Per chi vuole divertirsi a vedere come e quanto la cronaca di quella stagione sessantottina abbia eccitato la fantasia dell’autore, si rimanda al saggio «Picasso burlone» di Brigitte Baer presente nel catalogo (curato da Ivana Iotta e Donatella Migliore) che puntigliosamente va alla ricerca di avvenimenti, trasmissioni televisive, notizie giornalistiche trasfigurate poi in creazione artistica. Qui ci accontentiamo di segnalarne uno, il più emblematico, che prende spunto dalla grande manifestazione studentesca al Quartiere latino del 19 aprile ’68. Due giorni dopo, Picasso incide una caricatura di de Gaulle, con una corazza che sembra quella del Filippo IV di Velázquez, i pantaloni abbassati, il sesso inanimato. La «Marianna», cioè la Francia a cui si rivolge, è una donna moderna, grassa e in pantofole che è stata cancellata per far posto a una ragazza magrissima e scalza, un cappello di paglia come unico indumento, una chioma lunghissima. Il generale-presidente della Francia non ha più il suo pubblico, la nuova generazione non ha fascino. Picasso, è il sottinteso, ha ancora l’uno e l’altro... Non andiamo oltre con gli accostamenti e i prestiti perché, come diceva Picasso stesso, «ci sono molti enigmi nelle 347 incisioni e senza dubbio, data la loro stranezza, continueranno a rimanere tali a lungo, forse per sempre»... In realtà, tutta la Suite 347 è una sorta di inno panico fatto di concentrazione ed energia, dove si irride e si scherza su tutto, la vecchiaia impotente e la giovinezza incosciente, gli sfarzi inutili del potere e le lusinghe del successo, il sesso ridotto a guardonismo e il sesso come lotta estenuante che porta alla morte, i cortigiani e i saltimbanchi del potere.
La vecchiaia di Picasso fu artisticamente piena quanto lo erano state la giovinezza e la maturità.
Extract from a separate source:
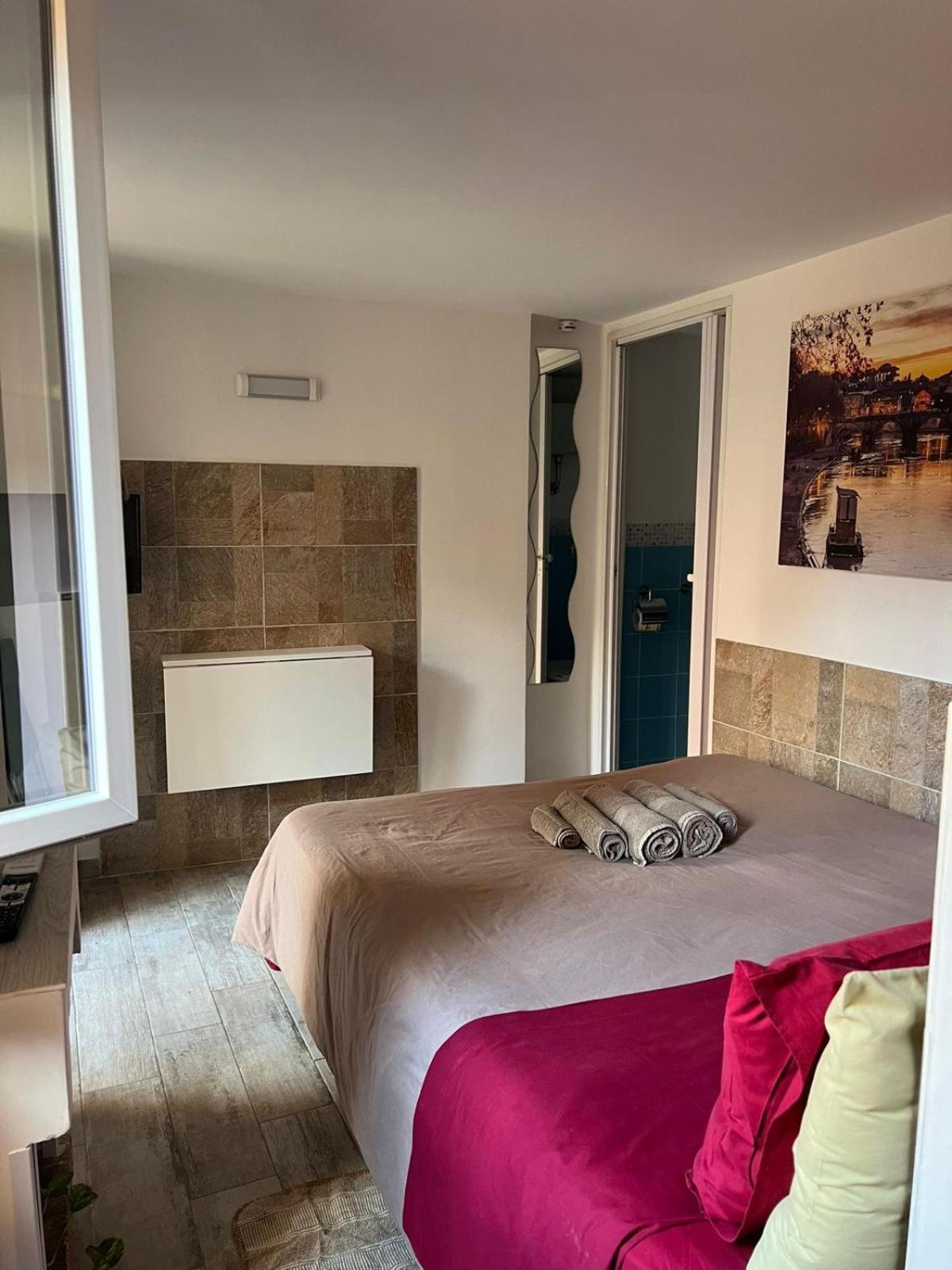 Leilighet Monolocale Trastevere Locato Per Finalita Turistiche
Tra il ’69 e il ’70 dipinse ancora 165 quadri, nel 1971, per i suoi novant’anni, Parigi lo festeggiò con un omaggio straordinario, mai tributato prima di allora a nessun artista vivente: una esposizione nella Grande galleria del Louvre... Lui non andò e le foto scattate quel giorno mentre se ne sta a dipingere a Nôtre Dame-de-vie rimandano a quelle di almeno un ventennio prima, gli immensi occhi scuri scintillanti di intelligenza e di vita, un uomo nella sua integrità.

Morirà tre anni dopo, quasi senza accorgersene e il miglior epitaffio resta una poesia di Rafael Alberti: «Per te ogni giorno inizia/ simile a una possente erezione, un’ardente/ lancia puntata contro il sole che sorge./ È Priapo che inturgidisce ancora/ l’invenzione della tua grazia e dei tuoi mostri».